My first City to Surf…

Today was The Sun Herald City to Surf 14km race that begins in the city centre of Sydney and concludes at the world renowned Bondi Beach.  I’ve been looking forward to running this (or more appropriately run/walking it) since Chris told me about it last year, his first race.  While we almost didn’t go, I’m so grateful that we actually did. We joined other keen members of our gym, Health Mates, and boarded a bus that whisked us off to the start line, where we joined 70,000+  (not a typo!) other participants. Today’s experience was a terrific reminder of something I’ve always believed.

I think a race like this can be an analogy for a number of things – life, goals, or personal change.  There’s no mistaking that it takes training, preparation coaching and good old fashioned effort to be successful.  When running a race of this distance you usually have a specific goal, whether it’s just to finish, to achieve a certain time or realize your personal best. Every runner has some vision of success that hangs in their  mind and motivates them to take step after step toward their goal. 
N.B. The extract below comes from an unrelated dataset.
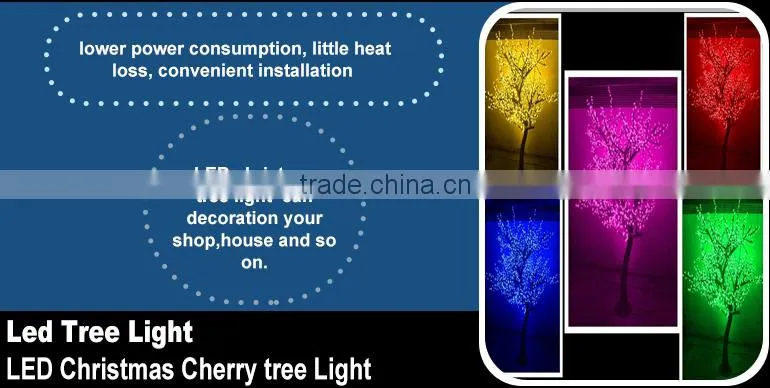 World Best Selling Led Tree Light Products Artificial Cherry Blossom Tree Outdoor Lighted Cherry Tree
The race itself has a begining, a middle and an end. In the beginning you’re excited, full of promise, anticipating the outcome, but you’re also not sure what might happen, what external factors might influence your performance (like weather), your fellow runners, the meal you had the night before. You’re a little nervous about how  you’ll perform. But, here is also where you are required to place your trust in the process – preparation behind you, race in front, you’re knee deep in process.

Then there’s the middle where you are tested and challenged with obstacles like the gruelling Heartbreak Hill, people in your way and your own physical limitations, even race realities like having to go to the loo. But here you’re also spurred on and rewarded by the support of your parter, the antics of other runners, the cheerleaders and entertainers enroute, the spectacular scenery, the sunshine, the knowledge that you’re actually doing it and not sitting on the sidelines.
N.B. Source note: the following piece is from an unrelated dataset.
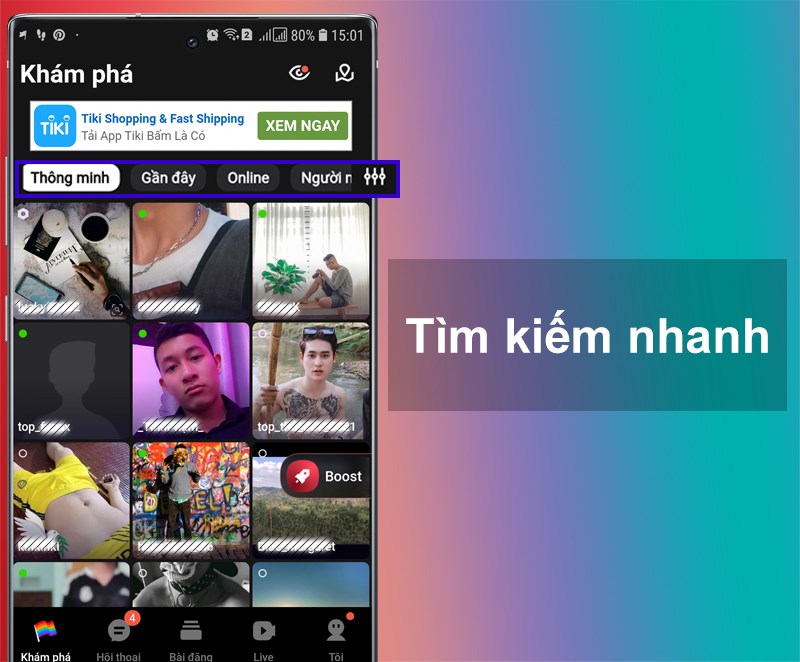 Ứng dụng Blued Việt Nam - Mạng xã hội gay, chat gay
Then, there’s the end…the finish line…the glory…the prize….and as it grows closer in your sights, you’re excitement increases, your goal becomes clearer, you push on….then, there it is….. the finish, line. Your foot steps on it then your other one over it and at that moment you have finished….beginning…middle…end…done! You’re proud of your accomplishments. And you should be.

But later, as you ponder things over a well earned snack, you think about the finish line, the end of the race, achieving your goal and then happily discover a new-found reward.  All the glory isn’t in crossing the finish line, that’s just a natural result. The real test of your mettle is everything that has led you to that point. It’s your participation in the process that brings the  real glory. It’s the effort required to take step after step that you should be proud of. It’s the support and encouragement you give to others along the way that should be your prize. It’s the fact that you’re in it…not that you win it that is worthy of reverance.
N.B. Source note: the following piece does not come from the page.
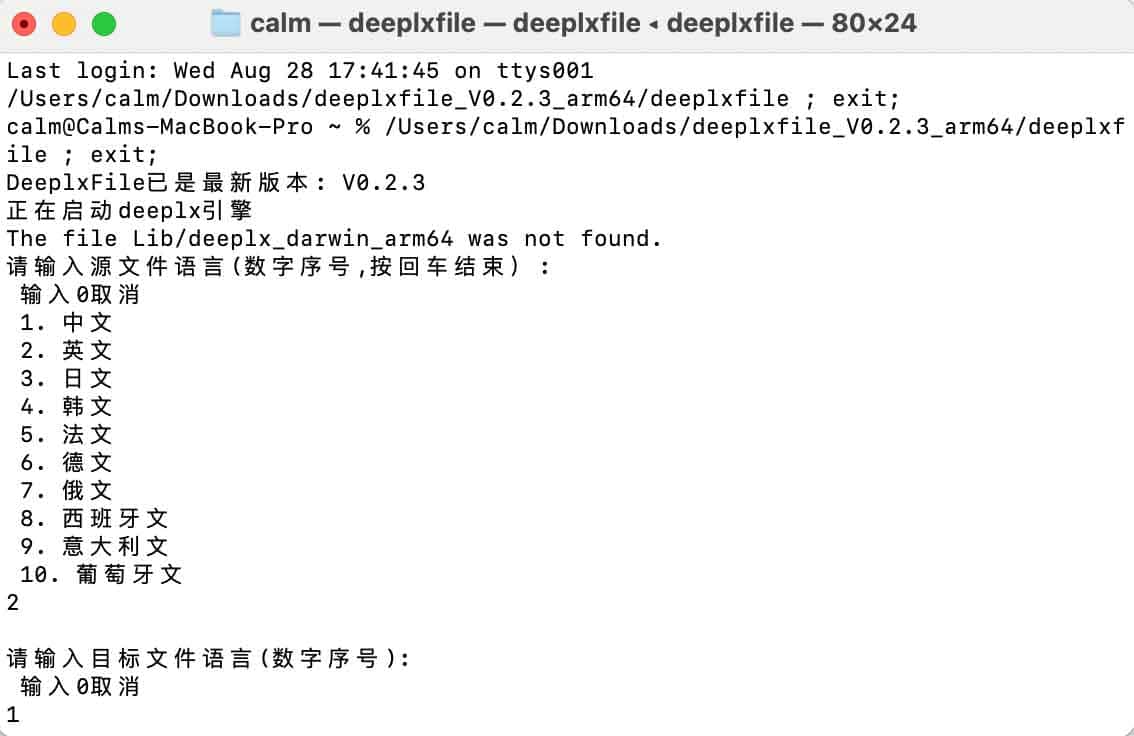 DeeplxFile:基于Deeplx提供的免费,不限制文件大小的文件翻译工具 DeeplxFile:基于Deeplx提供的免费,不限制文件大小的文件翻译工具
With a race like this, as with life, goals and personal change, the most important part is embracing and going through the process. And today, I was proud to stand beside Chris and take step after step, deal with challenge after challenge, enjoy reward after reward… together. Then, hand in hand, we crossed the finish line, fell into an embrace and told each other just how proud we were to share in this process together.

Thank you Chris for accompanying me on my very first City to Surf….I look forward to next year’s race, but most importantly, I look forward to being right beside you through the process!

The results are in….Linda’s and Chris‘ — there’s even video…check it out!


One thought on “My first City to Surf…

  1. Linda and Chris

    I’m so glad that you enjoyed your race. It sounded really exciting. While you’re probably looking forward to more challenges like this, I think it’s great that you actually did this one together!